▶ _Activity_
Please give back word for word the lines of the material below between the line containing "Queen Camilla wearing" and the line containing "2020年5月22日,香港立", inclusive.

____ Data shown

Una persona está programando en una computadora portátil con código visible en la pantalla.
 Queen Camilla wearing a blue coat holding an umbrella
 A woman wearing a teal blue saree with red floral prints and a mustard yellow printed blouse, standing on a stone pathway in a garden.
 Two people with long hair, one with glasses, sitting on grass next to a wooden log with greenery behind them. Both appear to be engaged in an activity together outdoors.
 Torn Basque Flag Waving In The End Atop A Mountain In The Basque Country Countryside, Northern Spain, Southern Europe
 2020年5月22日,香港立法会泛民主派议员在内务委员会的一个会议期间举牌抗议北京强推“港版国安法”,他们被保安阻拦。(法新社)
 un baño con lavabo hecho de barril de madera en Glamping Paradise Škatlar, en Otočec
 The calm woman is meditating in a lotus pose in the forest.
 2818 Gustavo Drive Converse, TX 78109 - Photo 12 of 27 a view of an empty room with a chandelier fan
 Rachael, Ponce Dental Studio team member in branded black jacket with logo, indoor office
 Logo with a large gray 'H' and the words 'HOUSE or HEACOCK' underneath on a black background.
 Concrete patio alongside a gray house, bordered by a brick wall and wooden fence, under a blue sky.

________

▶ _Output for this exercise_
 Queen Camilla wearing a blue coat holding an umbrella
 A woman wearing a teal blue saree with red floral prints and a mustard yellow printed blouse, standing on a stone pathway in a garden.
 Two people with long hair, one with glasses, sitting on grass next to a wooden log with greenery behind them. Both appear to be engaged in an activity together outdoors.
 Torn Basque Flag Waving In The End Atop A Mountain In The Basque Country Countryside, Northern Spain, Southern Europe
 2020年5月22日,香港立法会泛民主派议员在内务委员会的一个会议期间举牌抗议北京强推“港版国安法”,他们被保安阻拦。(法新社)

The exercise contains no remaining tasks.